Nuclear waste watch - 5/18/05
May 18, 2005

Mountain subs

by Ron Bourgoin


The Department of Energy (DOE) on May 11, 2005 announced it wants to bury hull sections of nuclear submarines inside mountains. These hull sections contain submarines' spent nuclear reactors.

Refueling a nuclear submarine is quite a bit different than refueling a commercial reactor. In a commercial reactor, spent-fuel rods are removed and replaced by fresh uranium fuel. In a sub, the entire hull section containing the nuclear reactor is cut out and a new reactor section is welded back in.

The U.S. has 92 of these hull sections awaiting deep burial. There will be at least that many again as most subs are approaching decommissioning.

These cut-out hull sections are quite impressive: they are four to five times taller and wider than the heavyhaul trucks that transport them.

The DOE says it's considering other disposal options, such as shallow burial at federal or private facilities, but that's exactly how the sections are buried now.

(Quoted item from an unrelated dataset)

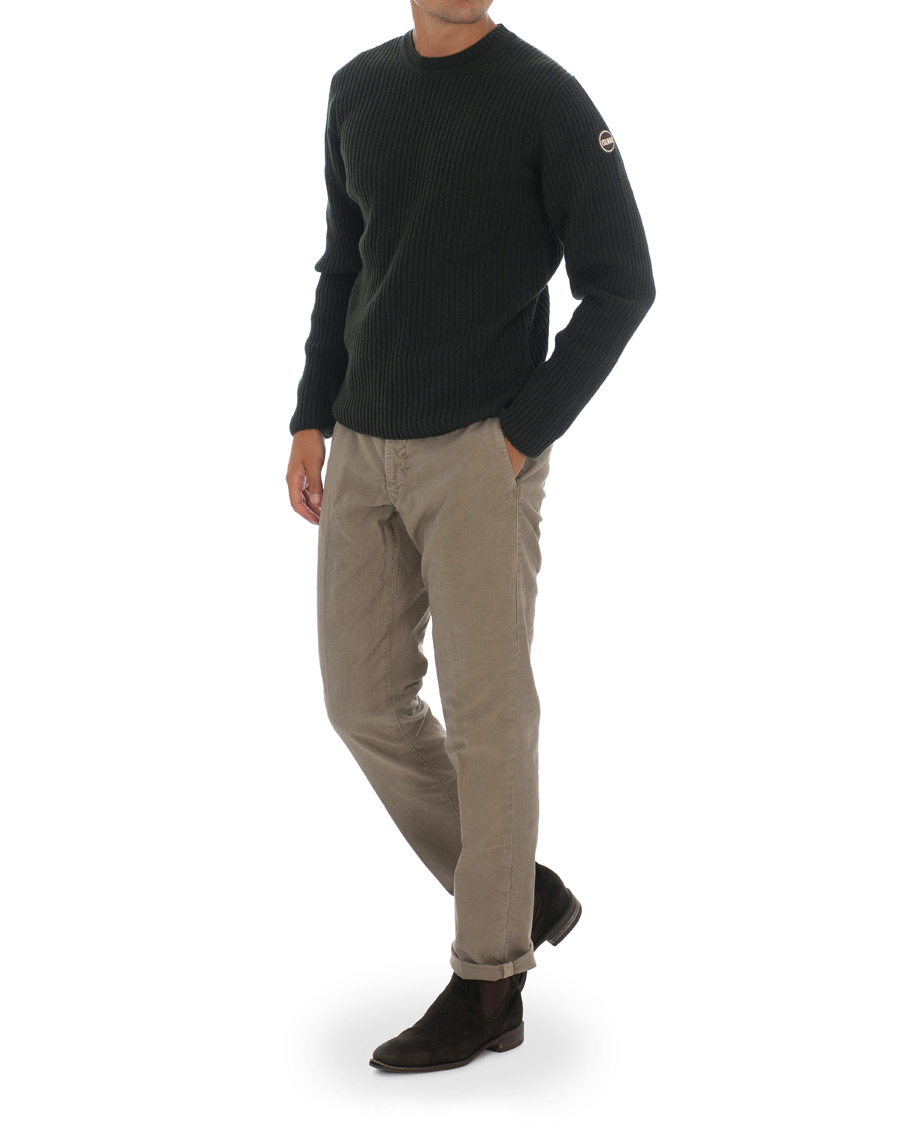 Herre | Gensere | Colmar | Sayonara Wool/Alpacka Crew Neck Botanical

The hull sections are sitting under 40 feet of dirt at Hanford Nuclear Reservation in Richland, Washington, but expect these to move to geologic repositories as soon as possible.

(I've always wondered why the size of the entrance tunnel in repositories is so large, and now I know.)

I suppose the DOE was emptying its Bad News file because it announced at the same time that portions of commercial-reactor cores are going to mountains too. That answers the question of where Three Mile Island's molten reactor core is going.

[Source: Federal Register, May 11, 2005, Volume 70, Number 90, Page 24775-24778]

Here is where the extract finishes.